> **Input material**:
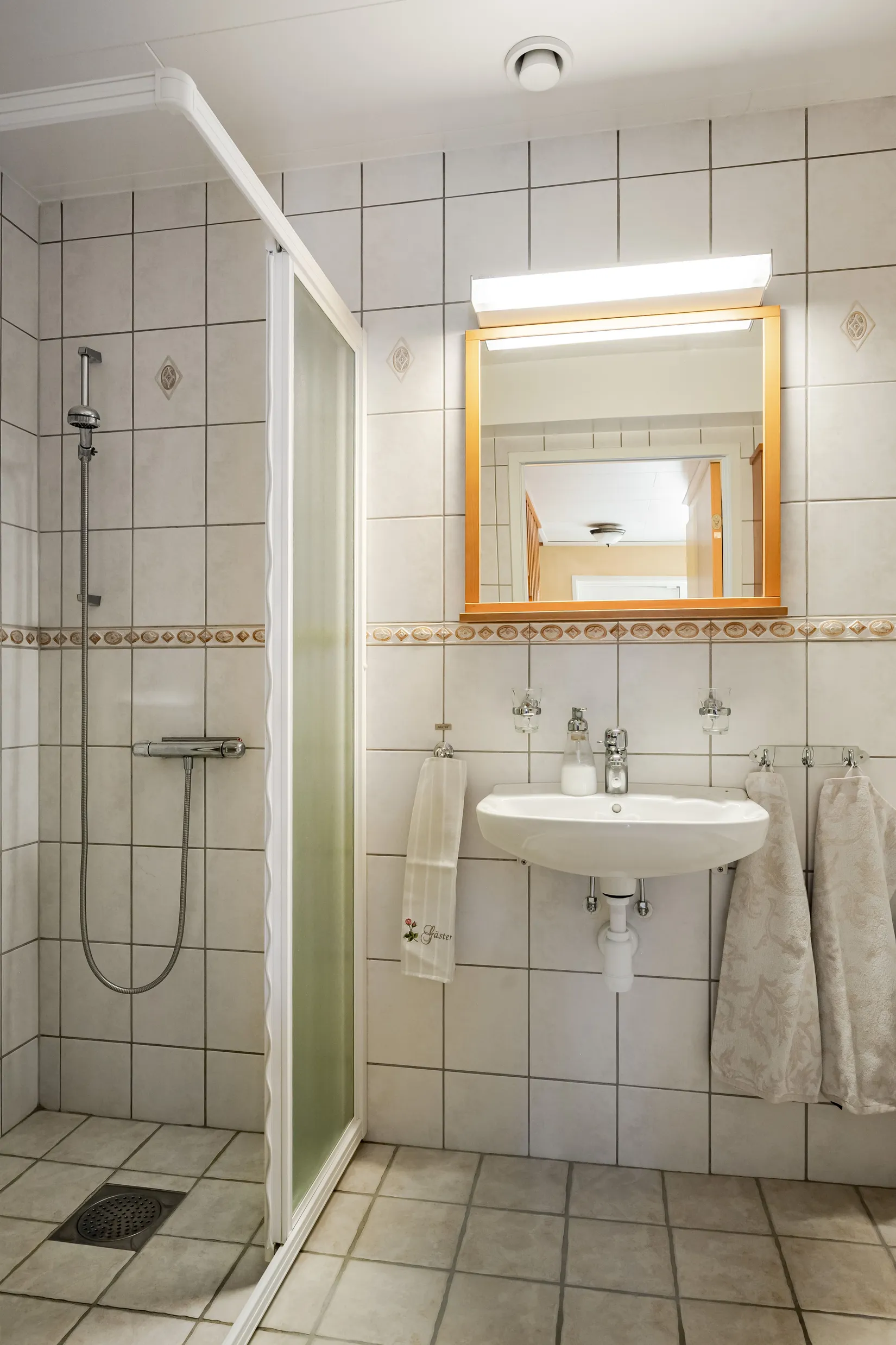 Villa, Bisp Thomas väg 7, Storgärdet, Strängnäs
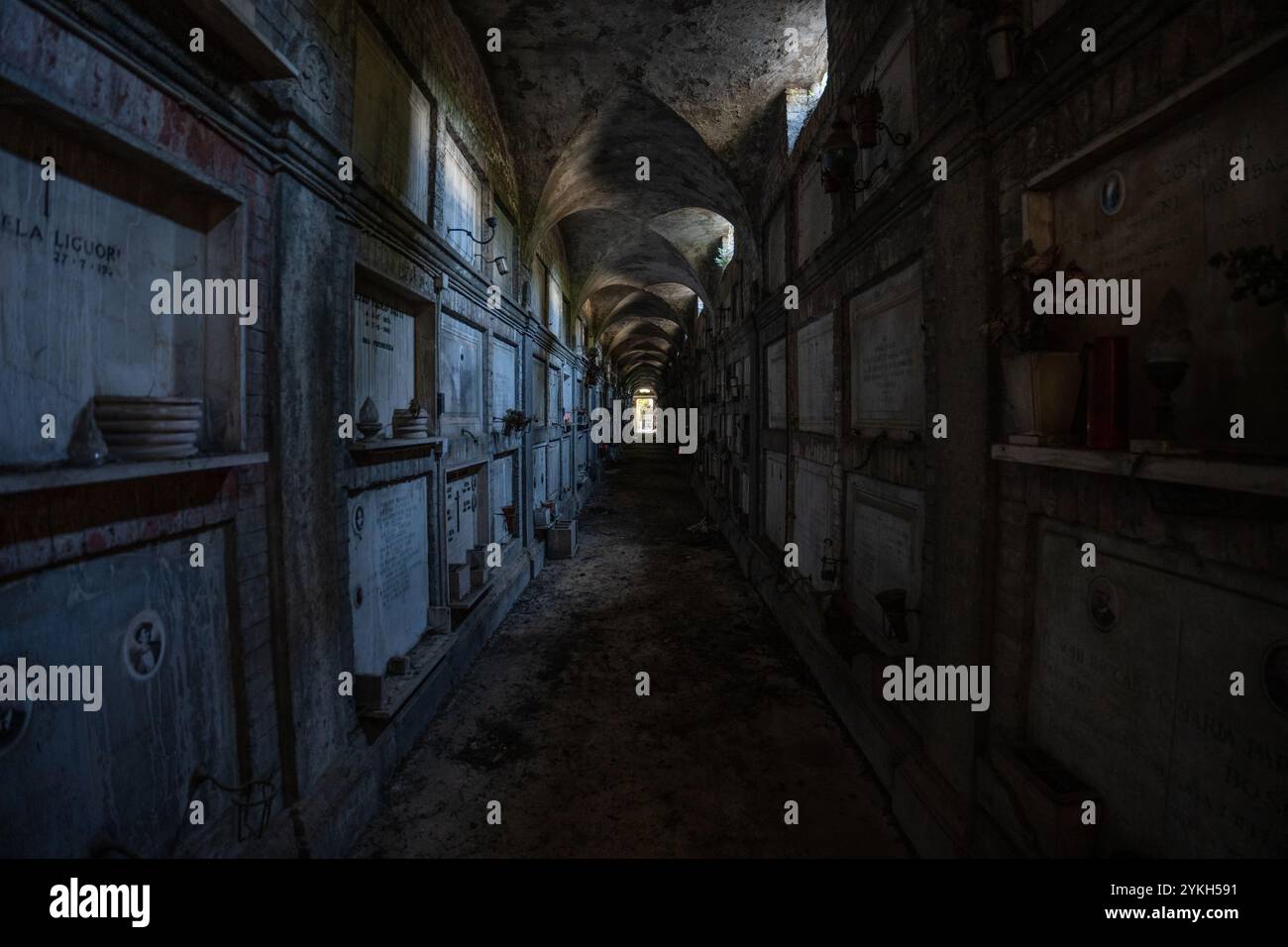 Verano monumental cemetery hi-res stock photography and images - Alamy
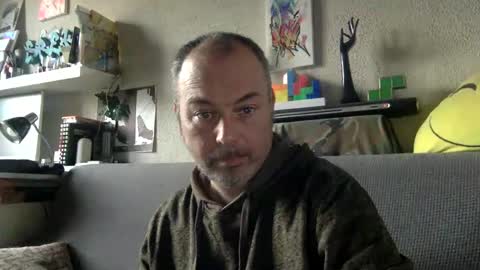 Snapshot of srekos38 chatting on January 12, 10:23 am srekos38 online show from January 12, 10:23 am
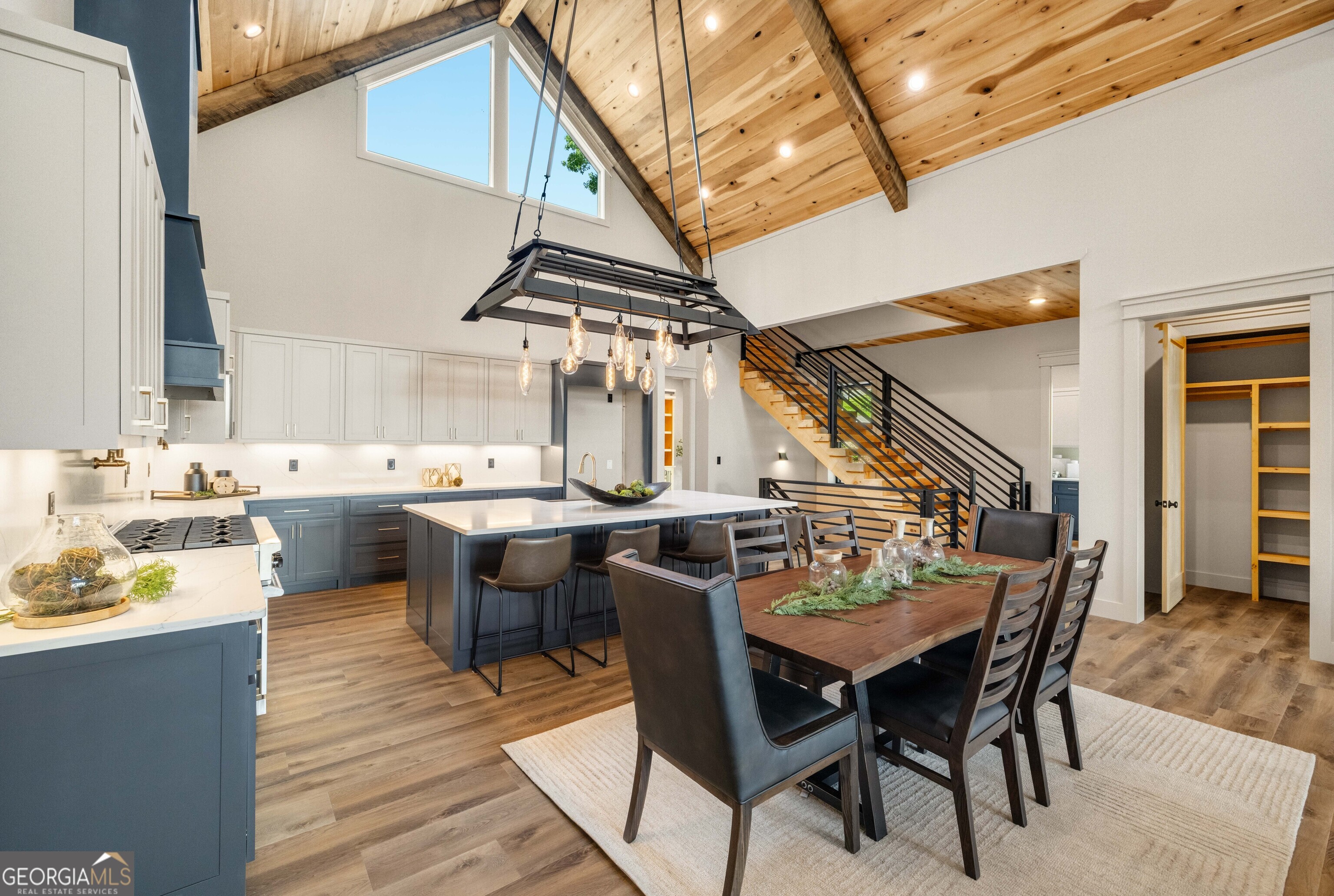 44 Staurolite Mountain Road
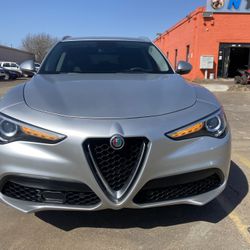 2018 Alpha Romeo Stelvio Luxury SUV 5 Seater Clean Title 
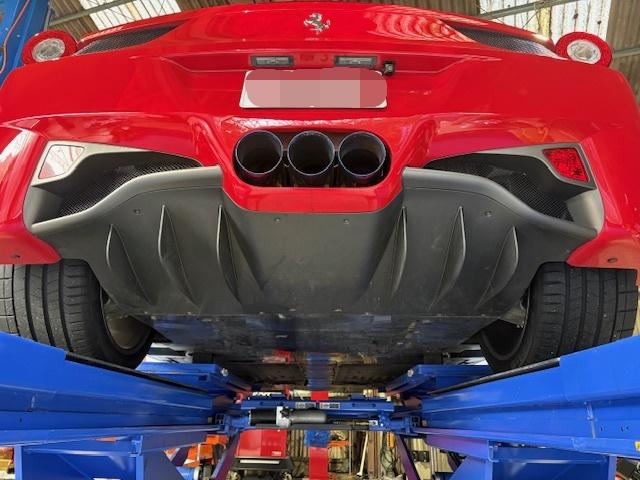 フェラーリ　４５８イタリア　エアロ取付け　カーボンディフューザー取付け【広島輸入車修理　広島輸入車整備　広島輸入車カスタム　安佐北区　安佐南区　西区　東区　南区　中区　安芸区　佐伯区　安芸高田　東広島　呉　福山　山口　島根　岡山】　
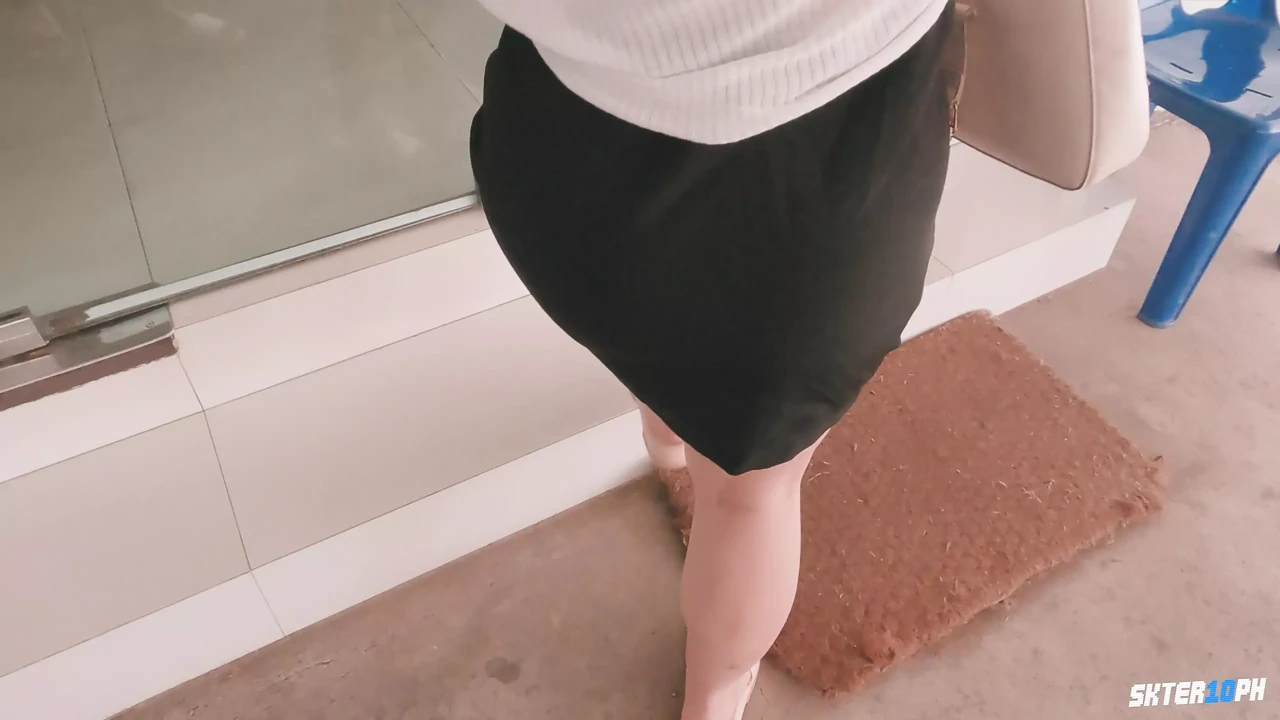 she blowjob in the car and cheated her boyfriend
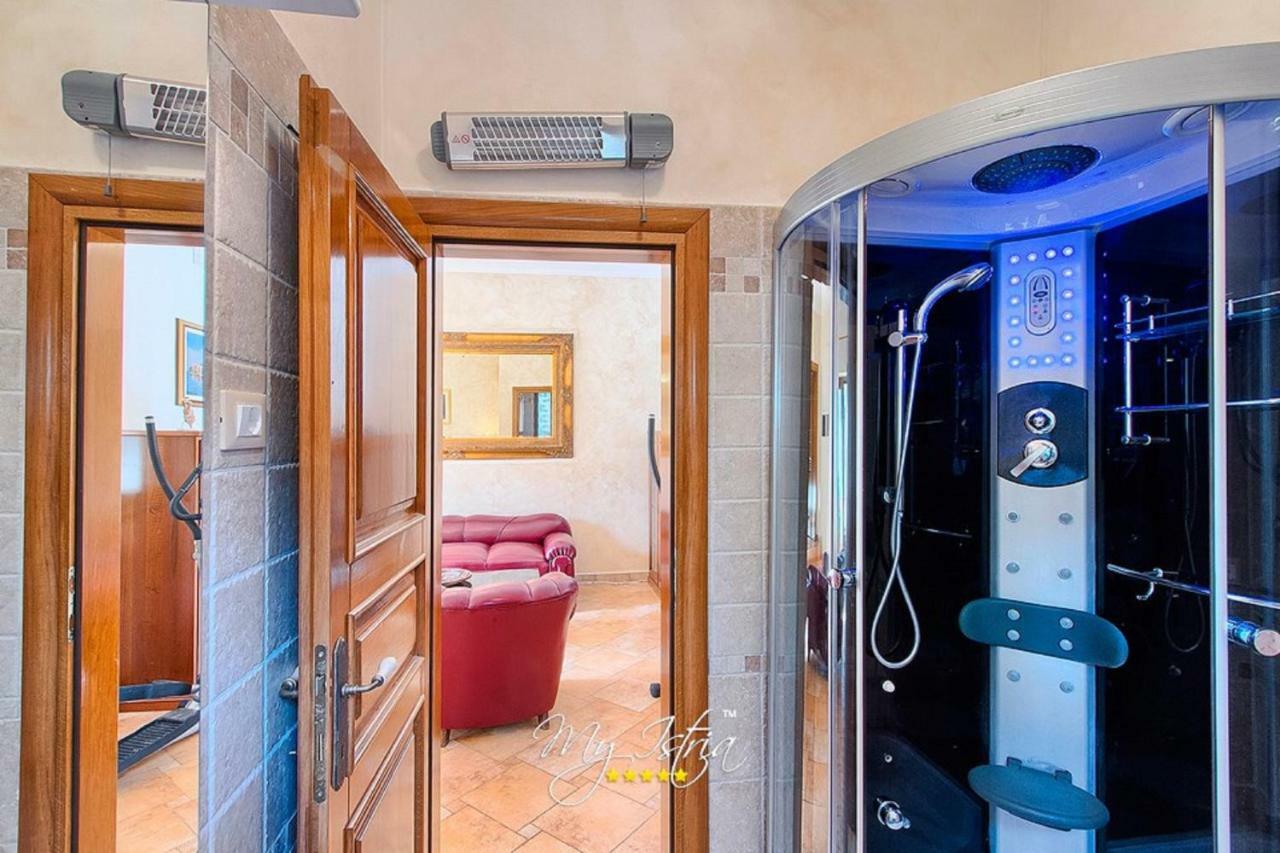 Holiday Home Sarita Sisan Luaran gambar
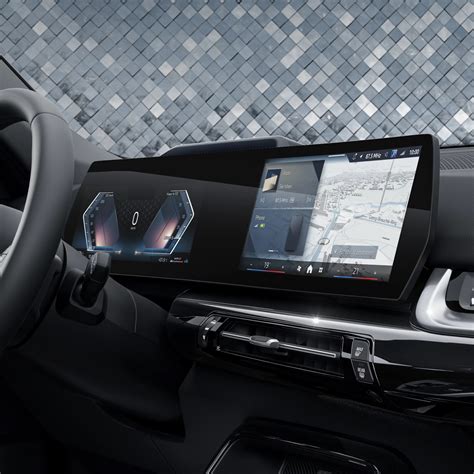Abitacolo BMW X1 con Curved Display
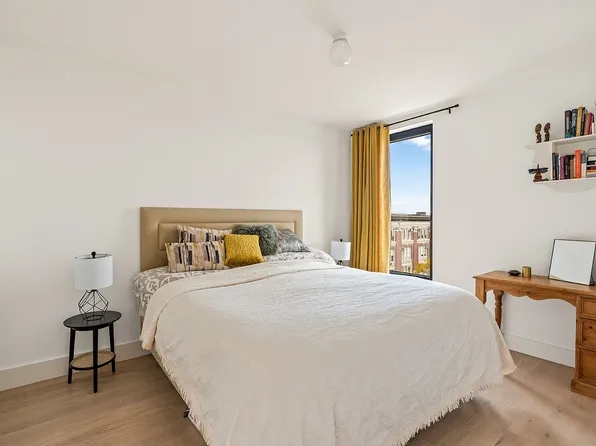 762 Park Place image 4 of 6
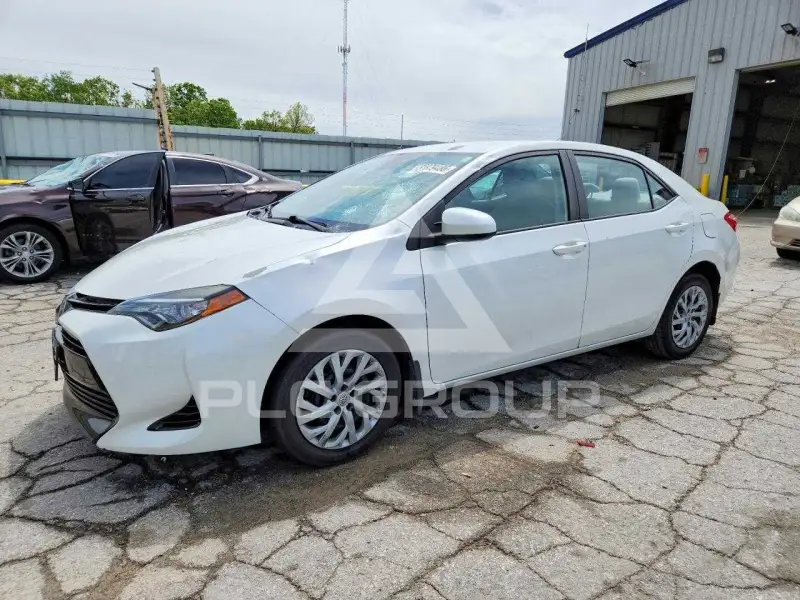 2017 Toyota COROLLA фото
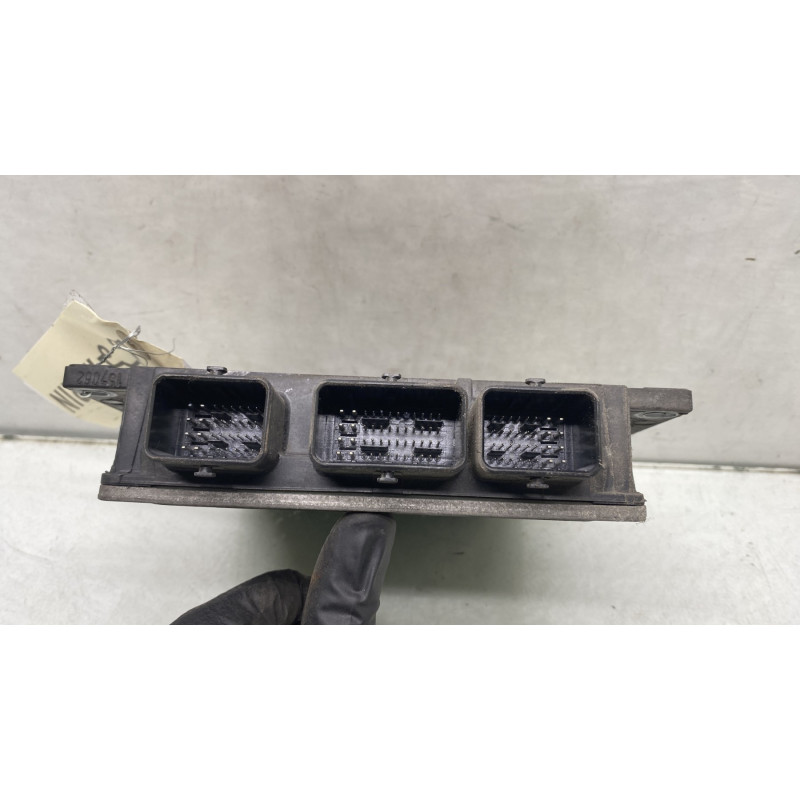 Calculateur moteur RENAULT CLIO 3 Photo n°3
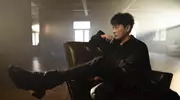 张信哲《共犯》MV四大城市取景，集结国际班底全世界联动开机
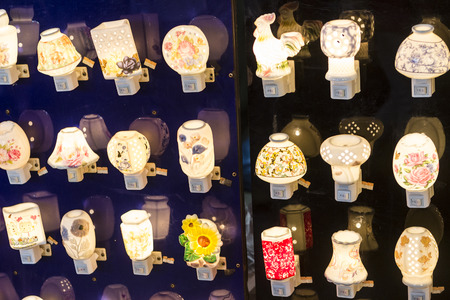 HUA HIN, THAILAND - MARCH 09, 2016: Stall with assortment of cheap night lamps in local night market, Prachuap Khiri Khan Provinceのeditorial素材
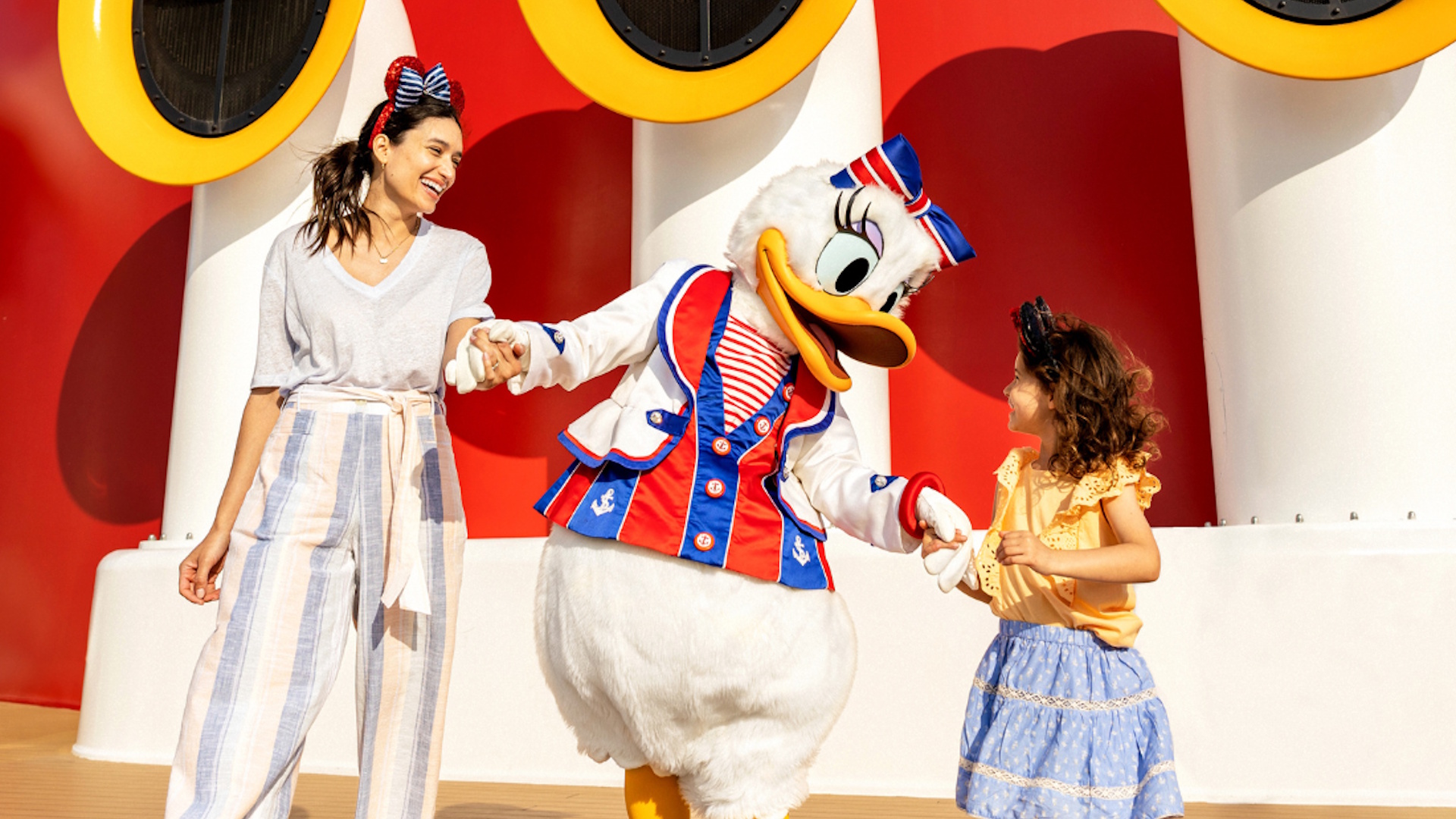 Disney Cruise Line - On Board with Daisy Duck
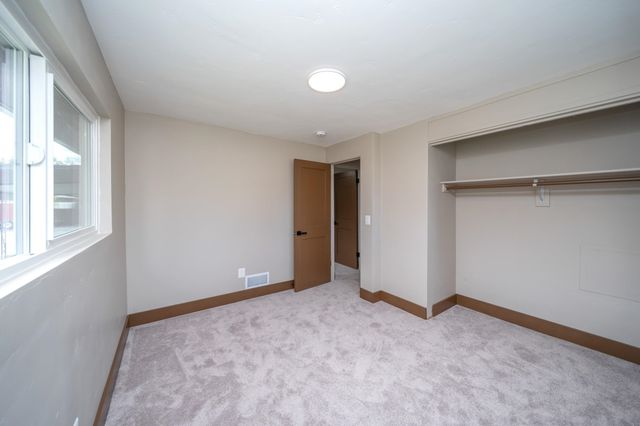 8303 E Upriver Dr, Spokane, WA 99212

> **What you have to do**: Each line of the records above must be repeated exactly, but no picture belongs in the copy.

> **Answer space**:
 Villa, Bisp Thomas väg 7, Storgärdet, Strängnäs
 Verano monumental cemetery hi-res stock photography and images - Alamy
 Snapshot of srekos38 chatting on January 12, 10:23 am srekos38 online show from January 12, 10:23 am
 44 Staurolite Mountain Road
 2018 Alpha Romeo Stelvio Luxury SUV 5 Seater Clean Title 
 フェラーリ　４５８イタリア　エアロ取付け　カーボンディフューザー取付け【広島輸入車修理　広島輸入車整備　広島輸入車カスタム　安佐北区　安佐南区　西区　東区　南区　中区　安芸区　佐伯区　安芸高田　東広島　呉　福山　山口　島根　岡山】　
 she blowjob in the car and cheated her boyfriend
 Holiday Home Sarita Sisan Luaran gambar
Abitacolo BMW X1 con Curved Display
 762 Park Place image 4 of 6
 2017 Toyota COROLLA фото
 Calculateur moteur RENAULT CLIO 3 Photo n°3
 张信哲《共犯》MV四大城市取景，集结国际班底全世界联动开机
 HUA HIN, THAILAND - MARCH 09, 2016: Stall with assortment of cheap night lamps in local night market, Prachuap Khiri Khan Provinceのeditorial素材
 Disney Cruise Line - On Board with Daisy Duck
 8303 E Upriver Dr, Spokane, WA 99212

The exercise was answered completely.